The Denali Fault System, DFS, has a geological beginning dating back approximately a billion years. At this time the Earth’s tectonic plates formed a single body named Rodinia, where much of present day Alaska was submerged under water (3). Between this time period and the formation of Pangea, islands were formed from spreading centers in the Earth’s crust, and began converging towards Alaska. Around 300 million years ago these islands began to collide with the southwest coast of Alaska, bringing with it a distinct Aleutian terrane.

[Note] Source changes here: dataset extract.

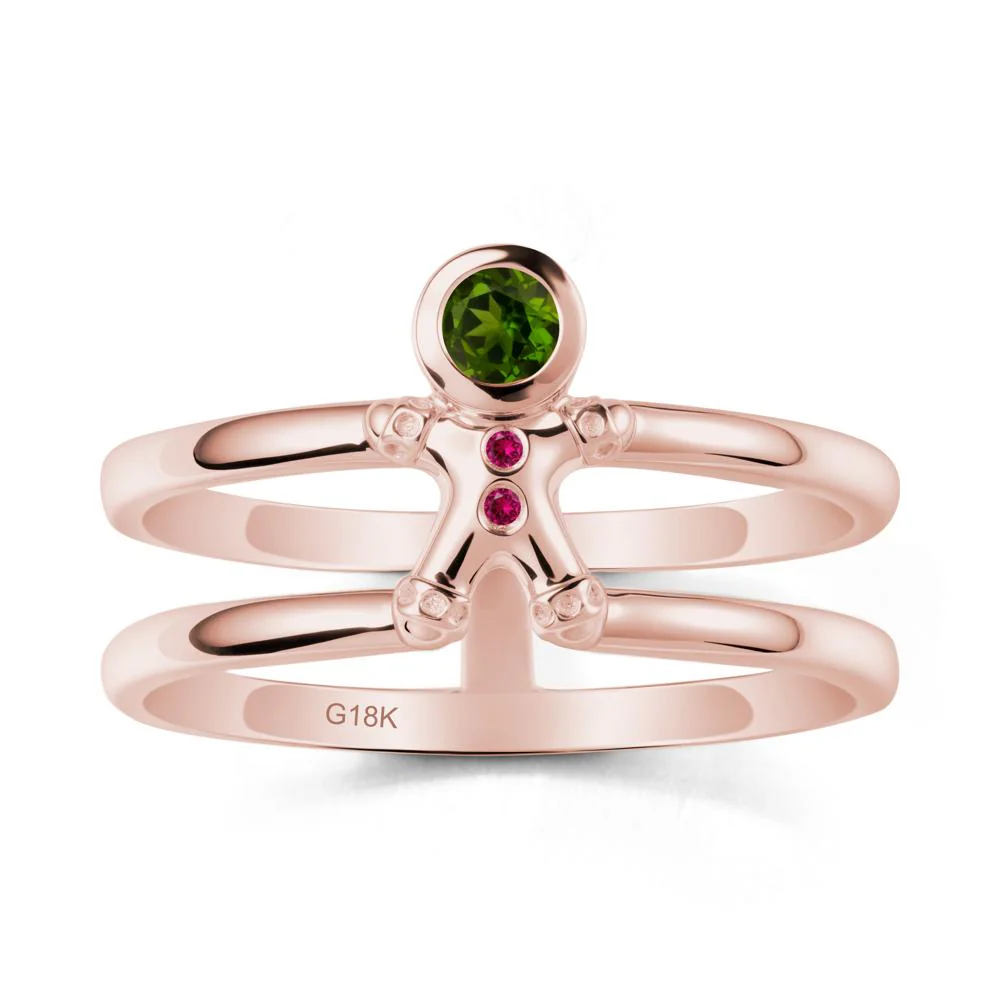 Bezel Setting Round Diopside and Ruby Ring - Image 4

One key geological feature of the DFS is the Cantwell Formation, a combination of two bedding outcrops that compose much of the fault. The lower bedding outcrop is a primarily sedimentary unit, consisting of conglomerate, sandstone, siltstone, mudstone, and coal. The upper outcrop is a volcanic unit, composed of intercalated andesite, rhyolite, basalt flows, and some pyroclastic rocks. The formation of this unique segment is likely a result of thrusting from the suturing of the Wrangell and southern Alaska terrain (Ridgway, Kenneth D. et al 1997). The most recent age estimate of this formation is the Paleocene era, dating back between 56 and 66 million years ago. Age estimates were determined through the interpretation of fossil plant leaves present in the lower bedding (Ridgway, Kenneth D. et al 1997).
Figure 2: A high altitude perspective of the Denali Fault Systems (2). Epicenters from the 2002 earthquake series have been labeled.

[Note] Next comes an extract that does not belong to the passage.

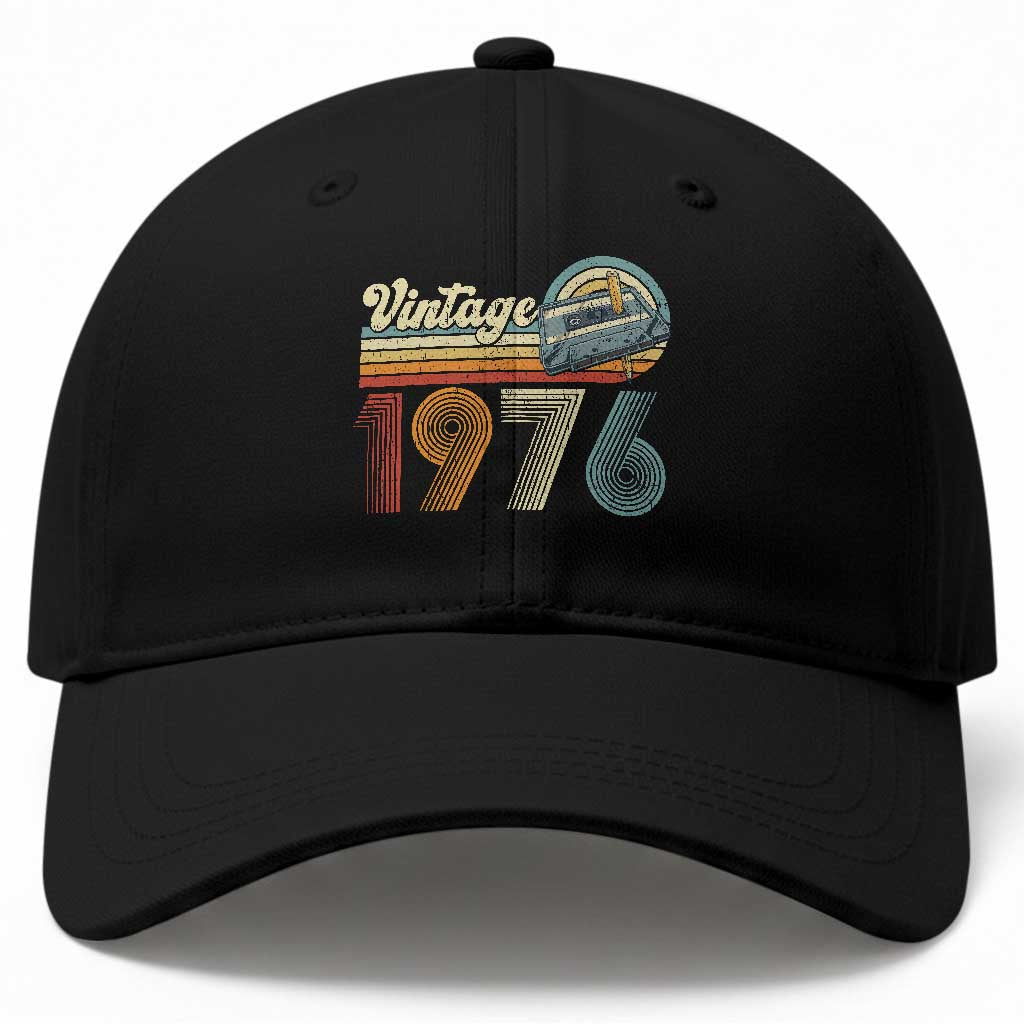 Vintage Sunset 1976 Retro Cassette Baseball Cap Mechanical Dial Tech Nostalgia 50th Birthday TS02 Print Your Wear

After a long time period of island collision events, volcanic activity took over creating the geological system. This was around 56 million years ago, when a major subduction zone was created through the convergence of the Pacific and North American plates. This subduction contributed to the landscape through volcanic eruptions, and rising igneous minerals such as granite. Up until the present day, the Denali fault has shown moderate levels of activity, triggering a magnitude 7.9 earthquake in 2002. This event was the largest strike-slip earthquake in North America in over 150 years (Lu, Zhong. Et al 2003).

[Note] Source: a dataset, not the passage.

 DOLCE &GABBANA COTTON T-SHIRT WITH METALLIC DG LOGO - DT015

The Denali Fault System is refereed to as such because there are numerous faults present. It is convenient to view the fault as a single curve, but it is actually comprised of clusters of fault patterns. The DFS is an example of an intra-continental shear zone, with lateral extrusion as a primary feature (Jadamec, Margarete A. et al 2013). Evidence suggests that the system is a strike-slip fault, and also accommodates to large slips. Flat slab subduction has caused a mountainous region to grow above the zone, creating the highest terrain in North America. These regions primarily consist of the Aleutian slab, which was previously a collection of islands. Even now there is a large cluster of islands off the coast of Alaska, named the Aleutian Islands.
Although it is impossible to know with certainty the true nature of all system deformation, there are very accurate models which make a good illustration. Using a model which simulates the subduction between the two tectonic plates, we can have a qualitative look at system velocities. These velocities should be consistent with lateral movement along the fault.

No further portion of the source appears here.